Giving these outputs:

######## Size: 65534: patches 2
patch0: remove
0
1
2
3
4

patch1: add
abcb
######## Size: 65535: patches 2
patch0: remove
0
1
2
3
4

patch1: add

######## Size: 65536: patches 2
patch0: keep
0

patch1: remove
1
2
3
4
5

######## Size: 65537: patches 3
patch0: remove
0

patch1: keep
1

patch2: remove
2
3
4
5
6
1

There are 1 best solutions below

0
On

It's a limitation from ES5 and the algorithm mapping lines to 16bit unicode characters. On ES6, it can be extended to 2^21 bit instead, covering longer files.

To speed up line-diffing, the algorithm does not compare the whole texts, but replaces each line with a single unicode character. So each character in the replacement maps to one unique line in a hashmap. The number of unicode characters however is limited, and the current implementation merely overflows.

This will not cause false positives (same lines will still be considered same), but it may miss some line differences at a low probability of 1/65K per line for natural diffs.

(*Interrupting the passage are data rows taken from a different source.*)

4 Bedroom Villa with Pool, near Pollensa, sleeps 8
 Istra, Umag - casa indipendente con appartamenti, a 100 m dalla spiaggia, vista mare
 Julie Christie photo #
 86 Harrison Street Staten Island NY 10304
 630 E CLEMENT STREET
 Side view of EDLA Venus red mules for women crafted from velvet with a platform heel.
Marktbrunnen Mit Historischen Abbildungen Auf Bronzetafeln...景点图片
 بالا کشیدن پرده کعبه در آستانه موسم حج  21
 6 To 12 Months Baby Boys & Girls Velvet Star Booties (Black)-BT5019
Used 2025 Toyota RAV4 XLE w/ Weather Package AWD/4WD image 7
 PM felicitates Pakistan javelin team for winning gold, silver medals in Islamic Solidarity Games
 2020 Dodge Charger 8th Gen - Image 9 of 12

And it prevents the patches to be mapped back to the original text lines reliably, because different lines were mapped to the same character, so the inverse process maps all such chars to the first mapped line.

It should be possible to scale correct diffing to much larger inputs by using a larger target space of symbols, such as by using 2 or 3 characters to represent unique lines.